**SOURCE INFORMATION**
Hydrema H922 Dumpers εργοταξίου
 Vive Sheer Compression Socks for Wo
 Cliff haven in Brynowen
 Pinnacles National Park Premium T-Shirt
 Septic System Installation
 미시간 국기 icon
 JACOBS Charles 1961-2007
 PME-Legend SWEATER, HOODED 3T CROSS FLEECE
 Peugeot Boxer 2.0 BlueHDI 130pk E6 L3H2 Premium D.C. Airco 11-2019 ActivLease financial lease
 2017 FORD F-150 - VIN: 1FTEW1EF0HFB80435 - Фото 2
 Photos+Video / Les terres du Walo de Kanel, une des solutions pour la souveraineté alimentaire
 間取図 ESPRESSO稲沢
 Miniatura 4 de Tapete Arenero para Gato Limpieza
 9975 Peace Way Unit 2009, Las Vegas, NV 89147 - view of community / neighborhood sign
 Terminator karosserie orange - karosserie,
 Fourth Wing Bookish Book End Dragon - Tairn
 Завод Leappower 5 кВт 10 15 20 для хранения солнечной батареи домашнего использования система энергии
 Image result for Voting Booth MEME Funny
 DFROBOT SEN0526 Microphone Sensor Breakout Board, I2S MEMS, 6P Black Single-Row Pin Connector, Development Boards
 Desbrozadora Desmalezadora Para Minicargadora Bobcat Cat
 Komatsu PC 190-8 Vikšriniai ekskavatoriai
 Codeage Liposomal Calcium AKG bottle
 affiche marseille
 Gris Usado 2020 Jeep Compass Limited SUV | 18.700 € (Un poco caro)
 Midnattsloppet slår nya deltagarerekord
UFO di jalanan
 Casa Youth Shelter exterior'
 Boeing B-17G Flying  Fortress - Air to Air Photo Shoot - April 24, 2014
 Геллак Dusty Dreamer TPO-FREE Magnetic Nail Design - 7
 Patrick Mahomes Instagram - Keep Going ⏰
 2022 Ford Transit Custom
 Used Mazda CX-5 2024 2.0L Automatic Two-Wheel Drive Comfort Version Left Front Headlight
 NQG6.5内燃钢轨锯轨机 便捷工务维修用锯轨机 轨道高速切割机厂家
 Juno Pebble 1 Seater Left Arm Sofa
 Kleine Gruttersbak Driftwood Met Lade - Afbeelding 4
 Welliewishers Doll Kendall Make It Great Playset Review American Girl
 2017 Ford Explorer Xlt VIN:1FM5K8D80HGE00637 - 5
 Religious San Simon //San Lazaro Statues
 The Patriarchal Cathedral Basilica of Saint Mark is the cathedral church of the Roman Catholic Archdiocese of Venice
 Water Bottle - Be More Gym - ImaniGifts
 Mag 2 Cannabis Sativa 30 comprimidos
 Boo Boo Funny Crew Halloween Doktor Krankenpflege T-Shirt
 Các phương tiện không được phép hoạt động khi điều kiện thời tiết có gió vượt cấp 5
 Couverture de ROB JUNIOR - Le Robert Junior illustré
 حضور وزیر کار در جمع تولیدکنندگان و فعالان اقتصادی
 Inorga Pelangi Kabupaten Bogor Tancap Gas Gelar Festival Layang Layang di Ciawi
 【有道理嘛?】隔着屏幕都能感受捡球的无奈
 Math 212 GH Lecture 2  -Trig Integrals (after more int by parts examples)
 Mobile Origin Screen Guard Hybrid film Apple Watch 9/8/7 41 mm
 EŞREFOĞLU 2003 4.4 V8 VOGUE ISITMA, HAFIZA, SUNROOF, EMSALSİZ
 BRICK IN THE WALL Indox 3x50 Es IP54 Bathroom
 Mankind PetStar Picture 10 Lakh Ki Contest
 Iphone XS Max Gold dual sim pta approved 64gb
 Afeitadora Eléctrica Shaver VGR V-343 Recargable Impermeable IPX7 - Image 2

**ABOUT THIS EXERCISE**
Reproduce all entries exactly, leaving each one whole.

**REPLY TO THE EXERCISE**
Hydrema H922 Dumpers εργοταξίου
 Vive Sheer Compression Socks for Wo
 Cliff haven in Brynowen
 Pinnacles National Park Premium T-Shirt
 Septic System Installation
 미시간 국기 icon
 JACOBS Charles 1961-2007
 PME-Legend SWEATER, HOODED 3T CROSS FLEECE
 Peugeot Boxer 2.0 BlueHDI 130pk E6 L3H2 Premium D.C. Airco 11-2019 ActivLease financial lease
 2017 FORD F-150 - VIN: 1FTEW1EF0HFB80435 - Фото 2
 Photos+Video / Les terres du Walo de Kanel, une des solutions pour la souveraineté alimentaire
 間取図 ESPRESSO稲沢
 Miniatura 4 de Tapete Arenero para Gato Limpieza
 9975 Peace Way Unit 2009, Las Vegas, NV 89147 - view of community / neighborhood sign
 Terminator karosserie orange - karosserie,
 Fourth Wing Bookish Book End Dragon - Tairn
 Завод Leappower 5 кВт 10 15 20 для хранения солнечной батареи домашнего использования система энергии
 Image result for Voting Booth MEME Funny
 DFROBOT SEN0526 Microphone Sensor Breakout Board, I2S MEMS, 6P Black Single-Row Pin Connector, Development Boards
 Desbrozadora Desmalezadora Para Minicargadora Bobcat Cat
 Komatsu PC 190-8 Vikšriniai ekskavatoriai
 Codeage Liposomal Calcium AKG bottle
 affiche marseille
 Gris Usado 2020 Jeep Compass Limited SUV | 18.700 € (Un poco caro)
 Midnattsloppet slår nya deltagarerekord
UFO di jalanan
 Casa Youth Shelter exterior'
 Boeing B-17G Flying  Fortress - Air to Air Photo Shoot - April 24, 2014
 Геллак Dusty Dreamer TPO-FREE Magnetic Nail Design - 7
 Patrick Mahomes Instagram - Keep Going ⏰
 2022 Ford Transit Custom
 Used Mazda CX-5 2024 2.0L Automatic Two-Wheel Drive Comfort Version Left Front Headlight
 NQG6.5内燃钢轨锯轨机 便捷工务维修用锯轨机 轨道高速切割机厂家
 Juno Pebble 1 Seater Left Arm Sofa
 Kleine Gruttersbak Driftwood Met Lade - Afbeelding 4
 Welliewishers Doll Kendall Make It Great Playset Review American Girl
 2017 Ford Explorer Xlt VIN:1FM5K8D80HGE00637 - 5
 Religious San Simon //San Lazaro Statues
 The Patriarchal Cathedral Basilica of Saint Mark is the cathedral church of the Roman Catholic Archdiocese of Venice
 Water Bottle - Be More Gym - ImaniGifts
 Mag 2 Cannabis Sativa 30 comprimidos
 Boo Boo Funny Crew Halloween Doktor Krankenpflege T-Shirt
 Các phương tiện không được phép hoạt động khi điều kiện thời tiết có gió vượt cấp 5
 Couverture de ROB JUNIOR - Le Robert Junior illustré
 حضور وزیر کار در جمع تولیدکنندگان و فعالان اقتصادی
 Inorga Pelangi Kabupaten Bogor Tancap Gas Gelar Festival Layang Layang di Ciawi
 【有道理嘛?】隔着屏幕都能感受捡球的无奈
 Math 212 GH Lecture 2  -Trig Integrals (after more int by parts examples)
 Mobile Origin Screen Guard Hybrid film Apple Watch 9/8/7 41 mm
 EŞREFOĞLU 2003 4.4 V8 VOGUE ISITMA, HAFIZA, SUNROOF, EMSALSİZ
 BRICK IN THE WALL Indox 3x50 Es IP54 Bathroom
 Mankind PetStar Picture 10 Lakh Ki Contest
 Iphone XS Max Gold dual sim pta approved 64gb
 Afeitadora Eléctrica Shaver VGR V-343 Recargable Impermeable IPX7 - Image 2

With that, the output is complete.